**RECORDS FOR THE TASK**
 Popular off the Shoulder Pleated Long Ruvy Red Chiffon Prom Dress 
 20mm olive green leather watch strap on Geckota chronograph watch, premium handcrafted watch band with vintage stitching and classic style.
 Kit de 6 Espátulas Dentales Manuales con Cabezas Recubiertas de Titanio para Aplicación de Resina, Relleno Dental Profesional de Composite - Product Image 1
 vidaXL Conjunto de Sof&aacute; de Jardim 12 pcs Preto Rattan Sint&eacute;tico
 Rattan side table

---

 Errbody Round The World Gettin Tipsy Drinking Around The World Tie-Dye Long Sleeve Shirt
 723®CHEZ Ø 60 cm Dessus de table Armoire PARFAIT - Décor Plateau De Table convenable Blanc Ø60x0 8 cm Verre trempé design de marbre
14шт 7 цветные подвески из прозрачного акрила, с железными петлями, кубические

**WHAT YOU NEED TO DO**
Where the data above reaches the line holding "Errbody Round The", begin printing, and stop after the line holding "723®CHEZ Ø 60". Each line must be reproduced exactly, with nothing else added.

**ANSWER TO THE PROBLEM**
 Errbody Round The World Gettin Tipsy Drinking Around The World Tie-Dye Long Sleeve Shirt
 723®CHEZ Ø 60 cm Dessus de table Armoire PARFAIT - Décor Plateau De Table convenable Blanc Ø60x0 8 cm Verre trempé design de marbre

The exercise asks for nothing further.